■ To do: What is needed is an exact copy of the entries, with the pictures excluded.
Segment Start: Available records
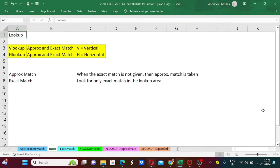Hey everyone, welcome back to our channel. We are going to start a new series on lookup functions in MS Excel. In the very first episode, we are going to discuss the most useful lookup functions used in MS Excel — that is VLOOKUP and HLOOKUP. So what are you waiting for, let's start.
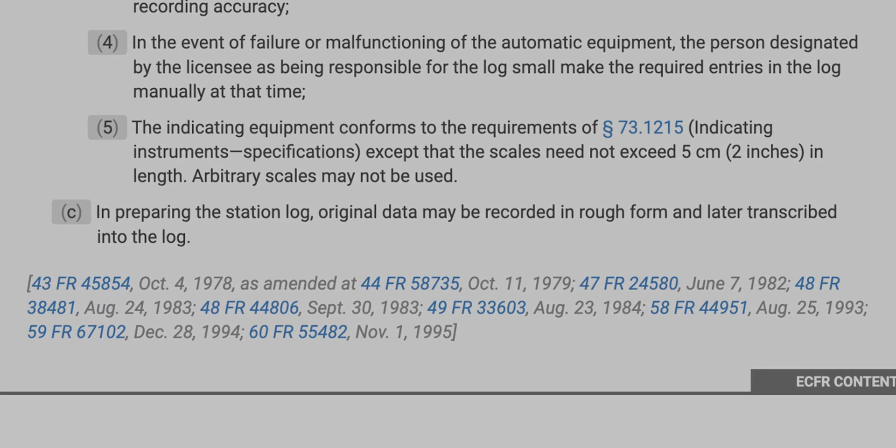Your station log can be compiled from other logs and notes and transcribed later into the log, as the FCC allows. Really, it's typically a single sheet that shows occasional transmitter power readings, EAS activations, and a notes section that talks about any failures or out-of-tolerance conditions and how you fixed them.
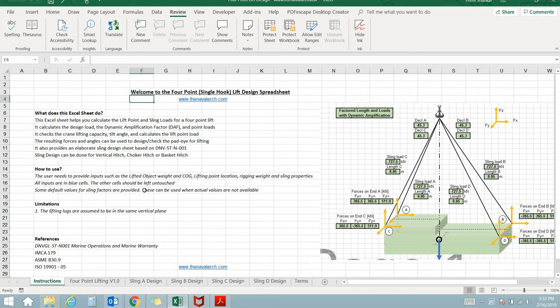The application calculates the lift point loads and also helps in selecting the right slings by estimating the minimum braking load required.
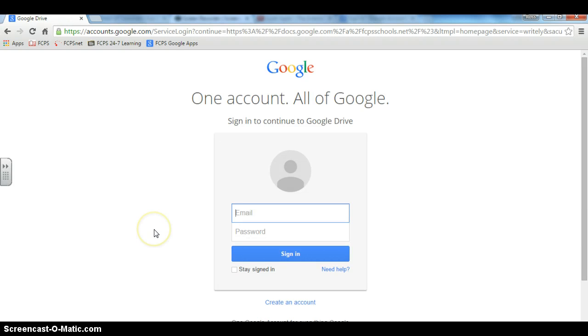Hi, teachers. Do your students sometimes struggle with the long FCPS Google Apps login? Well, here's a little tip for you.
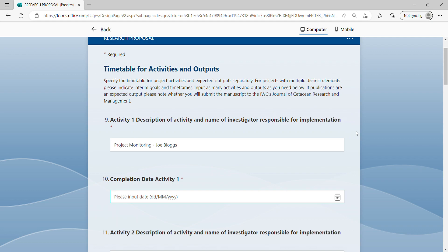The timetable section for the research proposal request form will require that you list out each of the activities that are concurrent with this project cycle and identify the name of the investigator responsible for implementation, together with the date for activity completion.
Segment End: Available records
■ Written reply:
Hey everyone, welcome back to our channel. We are going to start a new series on lookup functions in MS Excel. In the very first episode, we are going to discuss the most useful lookup functions used in MS Excel — that is VLOOKUP and HLOOKUP. So what are you waiting for, let's start.
Your station log can be compiled from other logs and notes and transcribed later into the log, as the FCC allows. Really, it's typically a single sheet that shows occasional transmitter power readings, EAS activations, and a notes section that talks about any failures or out-of-tolerance conditions and how you fixed them.
The application calculates the lift point loads and also helps in selecting the right slings by estimating the minimum braking load required.
Hi, teachers. Do your students sometimes struggle with the long FCPS Google Apps login? Well, here's a little tip for you.
The timetable section for the research proposal request form will require that you list out each of the activities that are concurrent with this project cycle and identify the name of the investigator responsible for implementation, together with the date for activity completion.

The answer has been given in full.